--- Records for this exercise ---
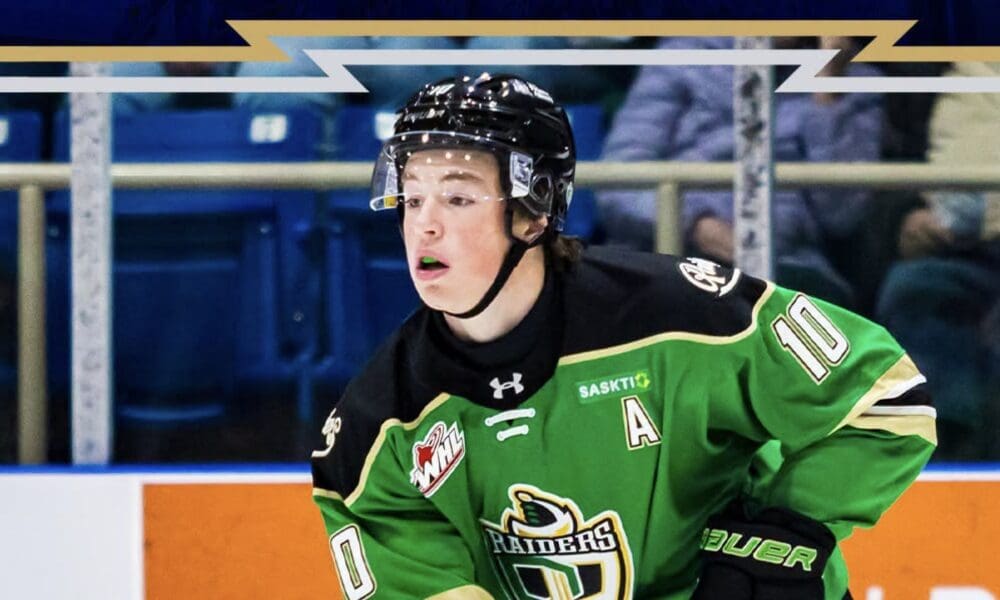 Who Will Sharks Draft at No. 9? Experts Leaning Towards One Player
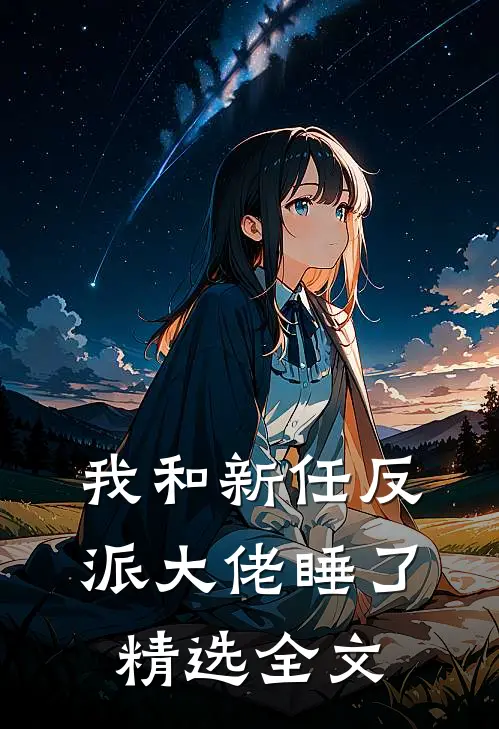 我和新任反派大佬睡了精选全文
---
--- Records for this exercise ---
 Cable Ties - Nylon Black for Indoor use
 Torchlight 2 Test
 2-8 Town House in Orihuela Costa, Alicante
---
◆ Problem statement
Nothing but the lines above from the line with "Who Will Sharks" up to and including the line with "我和新任反派大佬睡了精选全文" should be returned, exactly as written and without pictures.

◆ Worked solution
 Who Will Sharks Draft at No. 9? Experts Leaning Towards One Player
 我和新任反派大佬睡了精选全文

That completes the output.